Labour checking legality of raid on pension reserve fund
Labour Finance spokeswoman Joan Burton said that her party’s legal advisers were checking the legalisation surrounding the NPRF to ensure that Fianna Fáil claims that a “government directive” was enough to divert the fund from its established use were actually true.
“Proportions of the fund have already been used to invest in preference shares in the banks, but whether the liquidation of the fund to be used to further shore up the banks is legal is highly questionable.
“The Labour party proposed introducing legalisation to allow €2 billion of the fund to be utilised by a strategic investment bank. We were quite clear that new legalisation would be needed to do this and to now hear that the fund can be liquidated by mere ministerial order is suspect.”
The NPRF is invested in share portfolios and property from Hong Kong to the US. When it was established by then Minister for Finance Charlie McCreevy in April 2001 strict rules were put in place to prevent its use by future governments for purposes other than public sector pension payments.
According to these the funds aim was to “meet as much as possible of the costs of Ireland’s social welfare and public service pensions from 2025 onwards” and no monies could be drawn down before 2025.
In February 2009 Brian Lenihan announced that the fund would finance a €7 billion bank recapitalisation programme.

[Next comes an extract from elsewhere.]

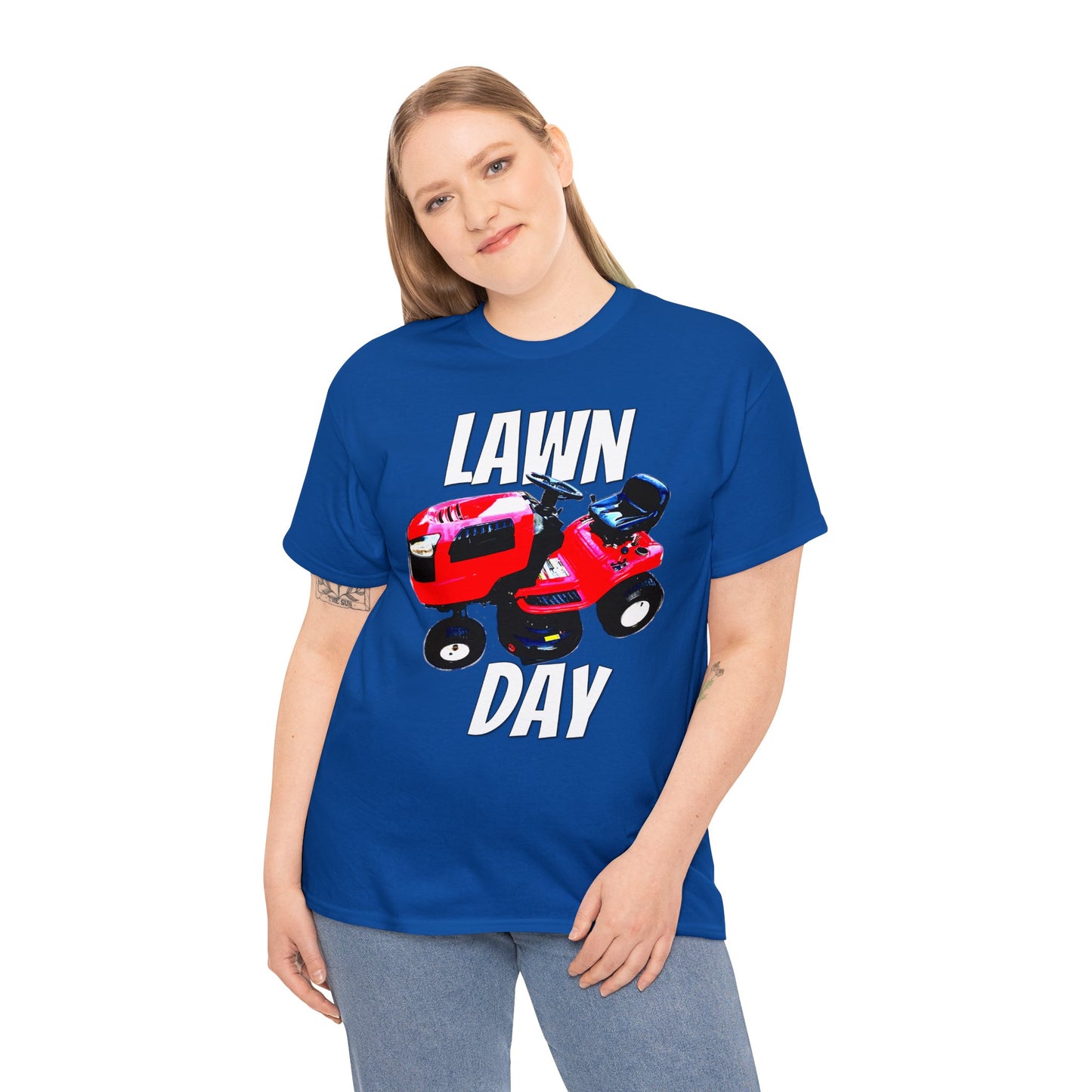 Vintage Riding Lawn Mower, Lawn Mowing Tractor, Ride On Mower Heavy Cotton Tee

According to the NPRF website: “Investments made in financial institutions by the fund under the programme are made under ministerial direction and the fund’s statutory investment policy is not applied to these investments.” However, this would seem to only be the case for non-nationalised institutions.
A Department of Finance spokesman said that new legalisation would be necessary if NPRF monies were to be invested in institutions not listed on the stock market, this would include the fully nationalised Anglo Irish Bank, but not for investment in a listed institution.
He added that legalisation would also be needed to allow the government to end the annual investment of 1% of GNP into the fund.
A spokeswoman for a PR agency retained by the National Treasury Management Agency to deal with issues relating to the NPRF said that it was her understanding that the fund could be utilised to shore up the banks by “government directive”.